__PROBLEM STATEMENT__. The expected answer is the full listing, repeated exactly and free of images.

(SUPPLIED INFORMATION begins)

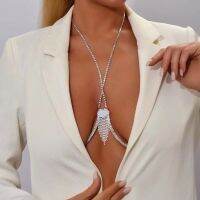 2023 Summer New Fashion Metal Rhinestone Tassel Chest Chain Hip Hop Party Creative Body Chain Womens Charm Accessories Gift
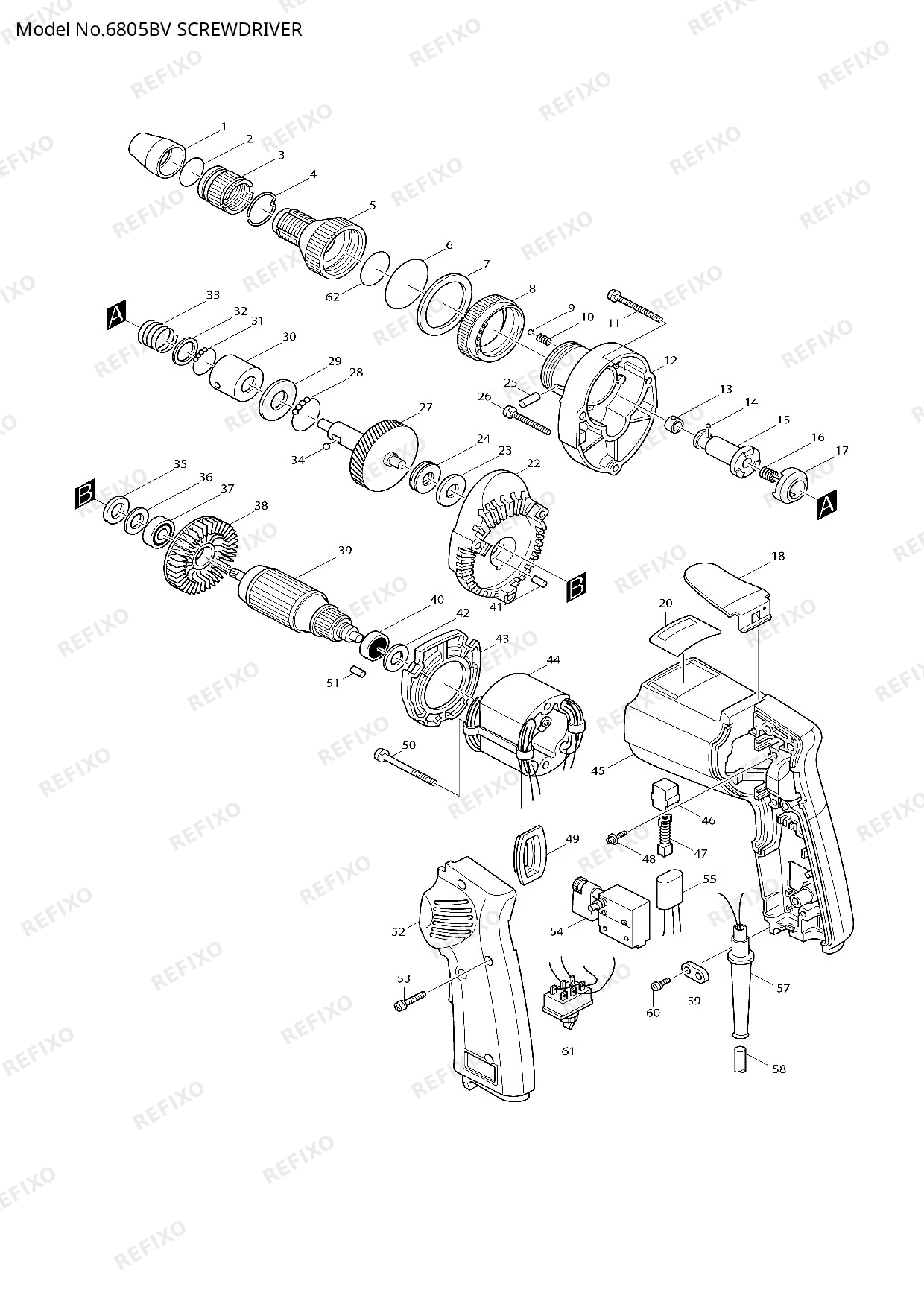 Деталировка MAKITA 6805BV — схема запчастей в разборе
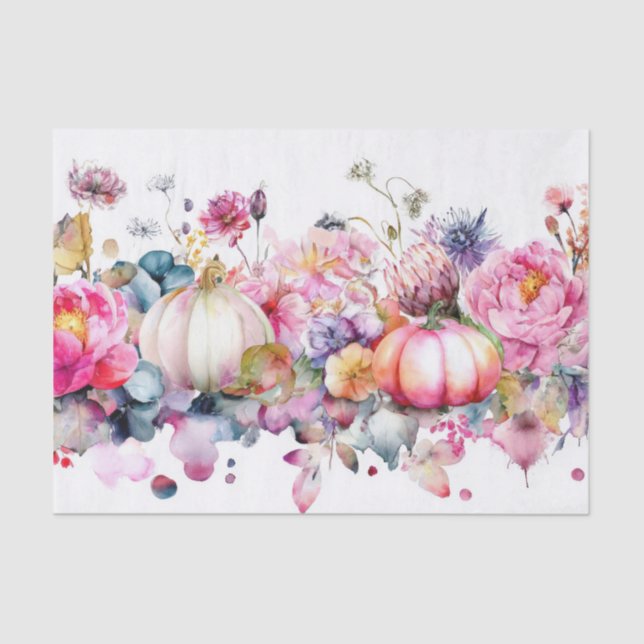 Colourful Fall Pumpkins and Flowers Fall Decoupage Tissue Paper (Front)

(SUPPLIED INFORMATION ends)

__ANSWER SECTION__.
 2023 Summer New Fashion Metal Rhinestone Tassel Chest Chain Hip Hop Party Creative Body Chain Womens Charm Accessories Gift
 Деталировка MAKITA 6805BV — схема запчастей в разборе
 Colourful Fall Pumpkins and Flowers Fall Decoupage Tissue Paper (Front)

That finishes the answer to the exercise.